Policy staleness: the update gap between the historical behavior policy and the current train policy.

When old training-side logits are missing, these two effects become entangled. Discrepancy masks and PPO clipping then operate on a semantically mixed ratio, causing threshold choices to interfere with each other and making asynchronous training harder to tune.

This repository contains the ROLL-based implementation used to study and repair this missing-old-logit problem. It keeps the async rollout/training paths, train-infer correction utilities, snapshot-based old-logprob recomputation, and EWMA-style proximal reference policies used by the paper.

Method

We study two complementary directions.

Exact old-logit acquisition: recover semantically correct old logits through system support. The paper analyzes snapshot-based version tracking, a dedicated old-logit model, and synchronization through partial rollout interruption.
Low-cost approximate correction: when exact old logits are too expensive, use a revised PPO-EWMA reference policy to preserve most of the benefit of decoupled correction without introducing heavy system overhead.
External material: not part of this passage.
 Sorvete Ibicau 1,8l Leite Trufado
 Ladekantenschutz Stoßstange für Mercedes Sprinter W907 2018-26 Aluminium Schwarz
The implementation in this branch focuses on the practical routes below.

Route	Purpose
`snapshot_old`	Exact correction through actor snapshots and version-aware old log-prob recomputation.
`current_recompute`	A simple baseline that recomputes old log-probs from the current train actor.
`interp_prox_loglinear`	A log-linear proximal reference used as an approximation baseline.
`ewma_prox`	An EWMA proximal reference for lower-overhead off-policy correction.
`ppo_ewma_async`	An EWMA-based reference-policy variant for asynchronous training.

Results

PPO-EWMA is the strongest practical method in the main benchmark table. Snapshot is included as an idealized exact-recovery reference because it assumes exact old logits are available.

Backbone	Method	Retail avg@4	Retail pass@4	Airline avg@4	Airline pass@4	Telecom avg@2	Telecom pass@2	Vita In-store avg@2	Vita In-store pass@2	Vita Delivery avg@2	Vita Delivery pass@2
Qwen3-4B	Decoupled PPO	63.96	88.60	53.5	72	40	50	19.83	37	19.56	33
Qwen3-4B	Linear_prox	64.40	86.84	54	72	37.5	50	22.37	40	19.10	28
Qwen3-4B	PPO-EWMA	65.72	90.35	54	74	42.5	52.5	25	50	25.88	39
Qwen3-4B	Snapshot†	66.23	89.47	56	76	42.5	52.5	28.89	47	27.33	42
Qwen3-30B-A3B	Decoupled PPO	65.43	89.47	57	76	44.75	55	18.28	32	25.88	39
Qwen3-30B-A3B	Linear_prox	65.8	87.7	53.5	74	44	55	31.47	47	20.74	33
Qwen3-30B-A3B	PPO-EWMA	67.82	92.1	60	82	45	57.5	33.41	48	28.49	43
Qwen3-30B-A3B	Snapshot†	69.70	92.1	59	80	45	57.5	34.62	50	30.74	45

On the dense 4B model, PPO-EWMA obtains the best practical retail pass@4 and VitaBench in-store pass@2, while tying the best telecom scores. On the 30B MoE model, it is strongest on airline and ties the best practical retail pass@4 and telecom avg@2.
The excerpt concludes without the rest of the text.